The new development will replace the existing 1970s St James Shopping Centre and adjacent New St Andrew's House, which will now be demolished. In its place will be a new St James Quarter, bringing together international class retailers with the world's top hotels, restaurants and leisure facilities - as well as up to 250 new homes.
The St James' planning application is the result of nearly three years of research, consultation and design led by the centre's owners Henderson Global Investors (HGI), bringing together two long-established architects, Building Design Partnership and Alan Murray Architects.
Myles White, Fund Manager of HGI's UK Shopping Centre Fund said: "This has been an exceptional planning approval for an exceptional development.
"The sheer scale and scope of our proposals demonstrate our long-term commitment to providing a world-class retail-led mixed use quarter in Edinburgh - and one which will make a positive difference to a city of global stature."
The importance of the planning application to the long-term future of the city has not been underestimated by the City of Edinburgh Council. Council Leader, Councillor Jenny Dawe, commented: "Today's decision has sent out an important message to the world that Edinburgh is a great place to invest, do business and shop". (Use for quote)

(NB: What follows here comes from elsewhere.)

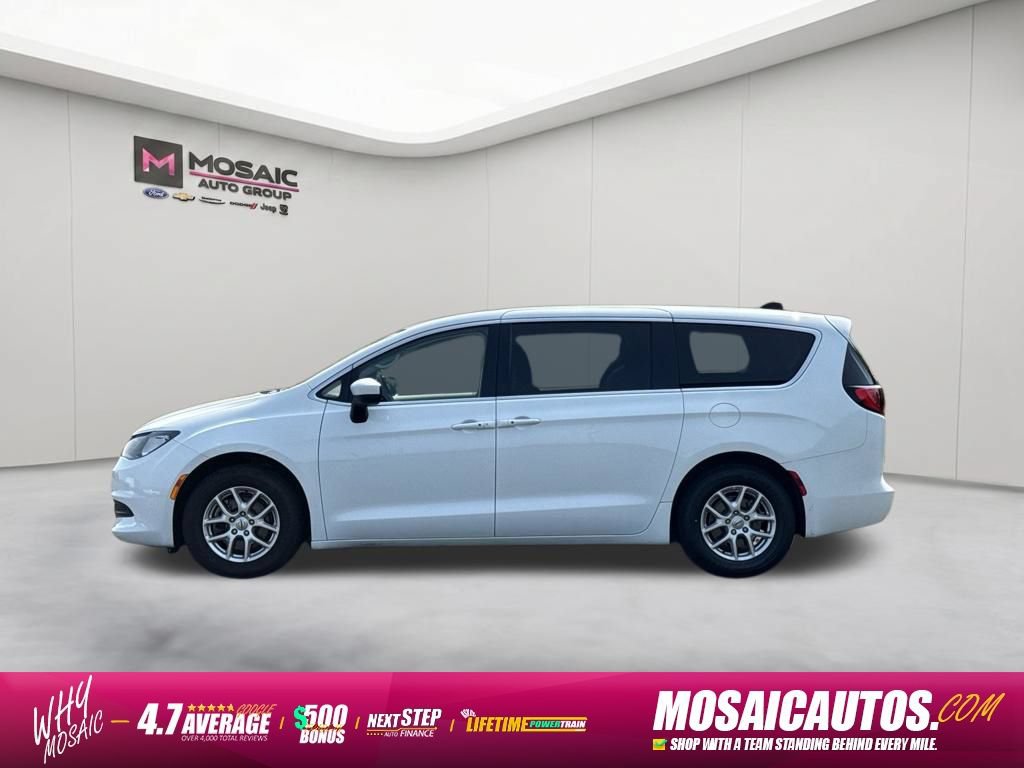 Used 2023 Chrysler Voyager LX FWD image 4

The New St James Quarter will effectively double the amount of retail space currently provided at the existing shopping centre to more than one million sq ft (93,000 sq m), accommodating up to 90 stores - compared to around 60 at present. It is forecast the new development will create up to 4,000 jobs and provide an estimated tourism spend of around £20 million annually.
The development will seamlessly link with the rest of the city through a network of walkways, public squares and green spaces, following a design blueprint inspired by the original cityscape and layout of Edinburgh's New Town.
Its centrepiece will be the crescent-shaped multi-level galleria. Roofed in glass and naturally ventilated, the galleria will act as a lightly covered street, sweeping from Multrees Walk to the shopping centre's current Princes Street entrance. As well as the galleria, other development proposals include:
- The demolition of the existing St James Centre (excluding John Lewis), New St Andrews House and multi-storey car park.
- Distinctive new buildings to be home to cafes and restaurants at lower levels, spilling out onto public spaces such as a new contemporary public square at St James Square.
- Up to 250 new homes on the upper levels, looking out onto a stunning roof garden.
- A new luxury hotel of up to 150-beds housed within a central feature building and an apart-hotel.
- Boosting Edinburgh business with up to 15,000 square metres of new modern office space.
- Up to 1,800 underground car park spaces.
- Strategic connections to key transport hubs including Edinburgh's trams and buses.
Henderson hopes to submit reserved matters applications for approval of the detailed design of the outline planning application. Work could start on the new St James Quarter as soon as 2011 with completion anticipated in 2014.
Andrew Murphy, managing director of John Lewis Edinburgh, the anchor store of the existing shopping centre, said: "The St James Quarter proposal will improve the fortunes of retail in Edinburgh by offering shoppers a quality experience with an outstanding mix of tenants to match. It will also ensure Edinburgh provides one of the best concentrations of quality retail in the UK."